Start by cloning the fork of QEMU with experimental audio support:
Then configure the source to use MacOS CoreAudio. I have also enabled LibUSB, KVM, HyperVirtualization Framework, and the Cocoa UI. In this case I am only compiling the emulator for PPC (32-bit).
Then compile:
This will create a binary in qemu-screamer/ppc-softmmu/qemu-system-ppc that we can use.
Create HD for Mac OS 9
We will need to have a hard drive image for our emulated system. I made mine 5 GB in size, which is plenty for Mac OS 9.
In our qemu-screamer directory, we will use qemu-img to create the disk image.
Get a Mac OS 9 Installer
If you have an ISO of a Mac OS 9 install disc (a Mac OS X classic install disc won't work), then you can use that in the next step. If you don't have one, you can download one from Mac OS 9 Lives: Mac OS 9.2.2 Universal Install.
Install Mac OS 9
This won't install quite like Mac OS 9 did, but instead use Apple System Restore to restore an image onto the hard drive.

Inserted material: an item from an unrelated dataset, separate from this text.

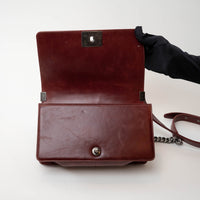 Pre-Loved Chanel™ Burgundy Quilted Grained Leather with Interlaced Chain and Leather Trim Flap Bag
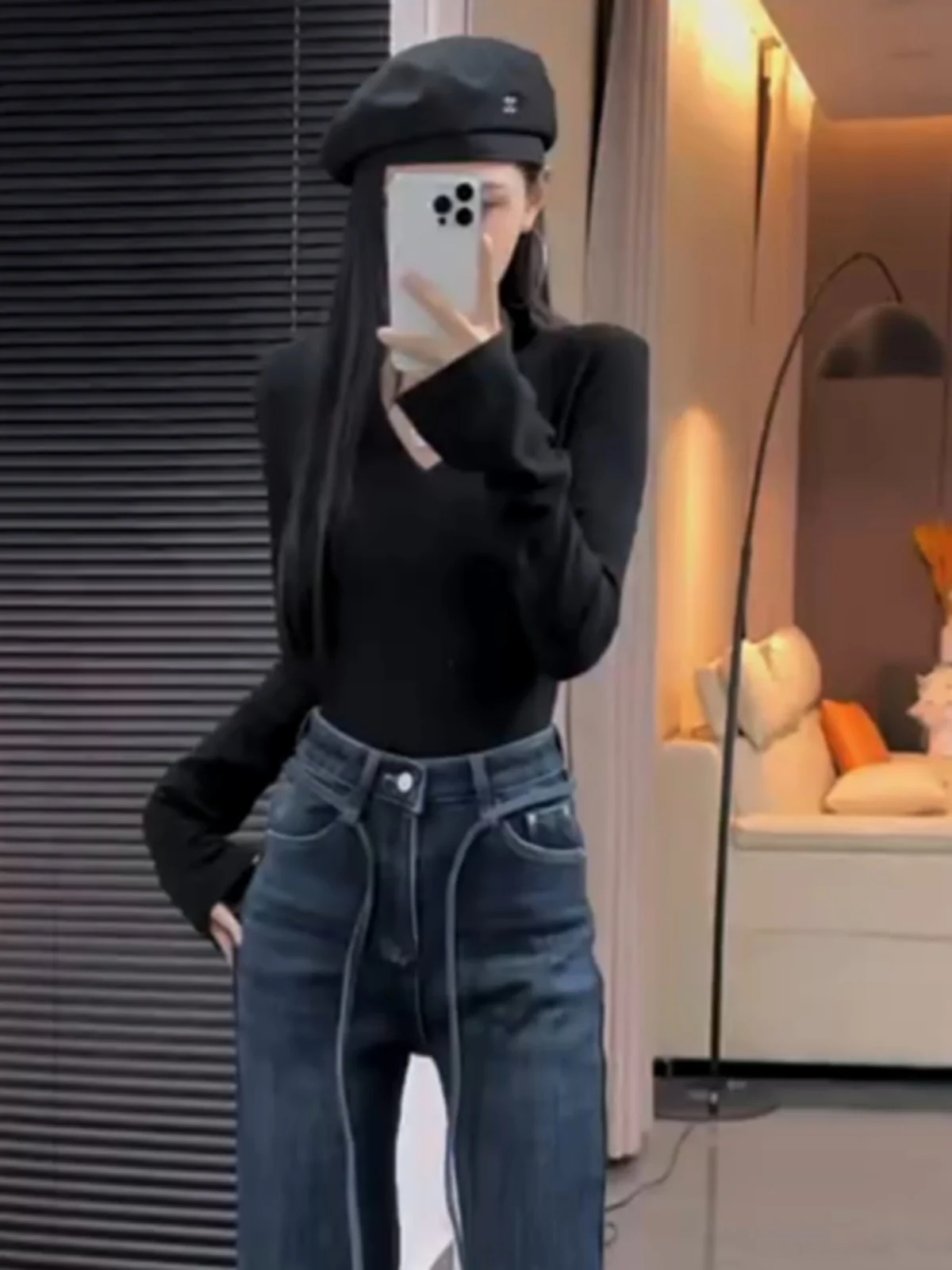 Однотонная облегающая футболка с длинными рукавами внутренняя одежда нижняя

Start up QEMU with the following options:
A breakdown of that command:
-L qemu-screamer/pc-biossets the BIOS. May not actually need this.-cpu 'g4'emulate a G4 CPU-M mac99,via=pmuwill define the Mac model and enable USB support-m 512use 512 MB of RAM, could go lower probably-hda macos92.imguse our generated disk image for the hard drive-cdrom '~/Downloads/Mac OS 9.2.2 Universal Install.iso'use the ISO for the cdrom-boot dboot from the disk drive-g 1024x768x32default to 1024x768 resolution and 32 bit colour
Once it starts up, you will be able to run Disk Initializer to format your hard drive image. Go ahead and do that, using Mac OS HFS Extended as the file system. One partition is good.
After initializing the disk, run Apple System Restore with the Mac OS 9 lives disk image as the source and your disk as the destination. This will take a minute to restore. Once done, shut down the emulated system.
Boot Mac OS 9
Similar to the last command, except we start up from the disk we created.
It should boot up and you will have a running Mac OS 9 with audio! Usb xtaf xplorer download for mac.
Tips
When the emulator is shut down, just make a copy of the hard disk image to create a backup. If something breaks your Mac OS 9 installation then you can restore the file.
You can dynamically attach CDs/DVDs to the emulated system by going to the menu bar on your host system for the QEMU application and selecting the option to attach to the CD IDE drive. It will open a dialog letting you select your ISO.